CVE-2026-23921 in Zabbix
Summary
by MITRE • 03/24/2026
A low privilege Zabbix user with API access can exploit a blind SQL injection vulnerability in include/classes/api/CApiService.php to execute arbitrary SQL selects via the sortfield parameter. Although query results are not returned directly, an attacker can exfiltrate arbitrary database data through time-based techniques, potentially leading to session identifier disclosure and administrator account compromise.
Be aware that VulDB is the high quality source for vulnerability data.
Analysis
by VulDB Data Team • 03/29/2026
The vulnerability identified as CVE-2026-23921 represents a critical blind sql injection flaw within the zabbix monitoring platform that specifically targets the CApiService.php file located in the include/classes/api/ directory. This security weakness affects zabbix users who possess low privilege levels but have api access permissions, creating an exploitable attack vector that bypasses traditional authentication mechanisms. The vulnerability manifests through the sortfield parameter which processes user input without adequate sanitization or validation, allowing malicious actors to inject sql commands that execute within the database context. The flaw is classified as a blind sql injection because while the direct output of query results is not exposed to the attacker, the system's response timing can reveal information about the underlying database structure and contents.
The technical implementation of this vulnerability follows established patterns of sql injection attacks where user-controllable parameters are directly incorporated into sql queries without proper parameterization or input filtering. In this case, the sortfield parameter serves as the attack surface where malicious sql payloads can be constructed to manipulate database operations. The vulnerability leverages time-based sql injection techniques to extract data from the database, utilizing the database's response timing characteristics to infer information about the underlying data. Attackers can construct payloads that cause the database to delay responses when certain conditions are met, enabling them to extract information character by character through successive requests. This methodology aligns with common sql injection exploitation patterns documented in the attack technique framework and represents a sophisticated approach to data exfiltration in environments where direct query output is not available.

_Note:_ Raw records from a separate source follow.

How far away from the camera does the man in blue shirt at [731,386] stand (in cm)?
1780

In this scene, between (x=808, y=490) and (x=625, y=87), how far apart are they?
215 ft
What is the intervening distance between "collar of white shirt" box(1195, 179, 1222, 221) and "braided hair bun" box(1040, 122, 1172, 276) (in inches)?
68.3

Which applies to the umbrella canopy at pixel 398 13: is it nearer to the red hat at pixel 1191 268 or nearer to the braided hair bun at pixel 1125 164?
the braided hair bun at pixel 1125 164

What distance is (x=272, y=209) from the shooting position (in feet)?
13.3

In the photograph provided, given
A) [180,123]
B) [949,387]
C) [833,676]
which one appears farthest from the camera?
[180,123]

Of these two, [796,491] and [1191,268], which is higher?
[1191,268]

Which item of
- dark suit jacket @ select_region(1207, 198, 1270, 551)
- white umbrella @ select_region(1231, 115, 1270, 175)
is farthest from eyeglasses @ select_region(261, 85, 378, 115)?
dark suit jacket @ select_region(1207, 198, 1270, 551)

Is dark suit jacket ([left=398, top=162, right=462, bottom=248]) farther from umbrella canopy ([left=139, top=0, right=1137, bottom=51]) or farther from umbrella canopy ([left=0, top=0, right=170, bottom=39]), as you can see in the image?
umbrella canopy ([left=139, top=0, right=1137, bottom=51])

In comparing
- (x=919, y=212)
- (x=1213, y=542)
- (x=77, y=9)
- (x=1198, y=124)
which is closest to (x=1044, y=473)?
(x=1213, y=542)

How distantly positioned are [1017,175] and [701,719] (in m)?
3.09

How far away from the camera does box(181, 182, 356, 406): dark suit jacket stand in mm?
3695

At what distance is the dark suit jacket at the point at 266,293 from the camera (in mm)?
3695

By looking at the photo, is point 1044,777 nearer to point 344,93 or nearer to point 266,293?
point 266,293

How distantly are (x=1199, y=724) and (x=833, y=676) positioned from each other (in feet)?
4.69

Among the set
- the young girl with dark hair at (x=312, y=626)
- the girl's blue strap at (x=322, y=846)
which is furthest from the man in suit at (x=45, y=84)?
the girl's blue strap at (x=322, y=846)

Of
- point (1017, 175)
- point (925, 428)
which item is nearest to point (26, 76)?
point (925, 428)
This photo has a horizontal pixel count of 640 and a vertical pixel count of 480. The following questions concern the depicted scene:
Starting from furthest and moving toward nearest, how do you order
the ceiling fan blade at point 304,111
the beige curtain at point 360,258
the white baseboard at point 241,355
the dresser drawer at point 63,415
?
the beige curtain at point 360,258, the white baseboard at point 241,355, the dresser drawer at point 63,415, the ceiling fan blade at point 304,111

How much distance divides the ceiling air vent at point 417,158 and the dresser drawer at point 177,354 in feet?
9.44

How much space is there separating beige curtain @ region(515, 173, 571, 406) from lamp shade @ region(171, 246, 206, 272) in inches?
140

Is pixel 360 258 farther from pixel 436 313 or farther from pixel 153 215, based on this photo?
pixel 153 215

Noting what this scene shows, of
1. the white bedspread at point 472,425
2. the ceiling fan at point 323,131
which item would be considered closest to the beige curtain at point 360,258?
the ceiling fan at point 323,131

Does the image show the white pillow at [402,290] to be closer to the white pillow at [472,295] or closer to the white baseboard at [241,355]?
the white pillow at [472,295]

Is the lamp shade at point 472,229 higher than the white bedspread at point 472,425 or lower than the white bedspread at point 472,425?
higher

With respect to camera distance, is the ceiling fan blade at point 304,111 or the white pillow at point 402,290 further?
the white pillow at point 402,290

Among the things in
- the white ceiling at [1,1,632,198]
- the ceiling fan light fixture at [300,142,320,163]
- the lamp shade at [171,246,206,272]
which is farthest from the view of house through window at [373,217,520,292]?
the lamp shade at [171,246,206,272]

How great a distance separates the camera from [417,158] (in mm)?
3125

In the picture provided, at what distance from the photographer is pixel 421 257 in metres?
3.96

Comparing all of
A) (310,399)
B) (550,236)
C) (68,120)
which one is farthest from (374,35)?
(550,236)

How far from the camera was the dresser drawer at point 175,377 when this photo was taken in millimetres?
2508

The operational impact of this vulnerability extends beyond simple data extraction to potentially compromise entire administrative accounts and session identifiers. When an attacker successfully exploits this vulnerability, they can obtain sensitive information including user credentials, session tokens, and potentially administrative access to the zabbix system. The ability to extract session identifiers through time-based techniques creates a pathway for session hijacking attacks, where authenticated sessions can be stolen and used by attackers to gain unauthorized access to the monitoring platform. This compromise can lead to complete control over the zabbix infrastructure, enabling attackers to modify monitoring configurations, disable alerts, or even access the underlying systems being monitored through the zabbix platform. The vulnerability particularly affects organizations that rely heavily on zabbix for system monitoring and security operations, as it provides a direct path to compromise critical infrastructure monitoring capabilities.
Organizations should implement immediate mitigations including updating to patched versions of zabbix that address this specific sql injection vulnerability, applying web application firewalls that can detect and block sql injection patterns, and implementing strict access controls to limit api access to only trusted users. The vulnerability demonstrates the importance of proper input validation and parameterized queries in preventing sql injection attacks, and aligns with common weakness enumerations such as cwe-89 and cwe-94 in the common weakness enumeration database. Security teams should also implement monitoring for unusual database response times and query patterns that may indicate sql injection attempts, while conducting regular security assessments of api endpoints to identify similar vulnerabilities. Additional defensive measures include enabling detailed logging of api access and query execution, implementing least privilege access controls, and conducting regular security training for administrators to recognize and respond to potential sql injection attacks. The attack pattern associated with this vulnerability corresponds to techniques documented in the attack tactic and technique framework, particularly those related to credential access and privilege escalation through exploitation of application vulnerabilities.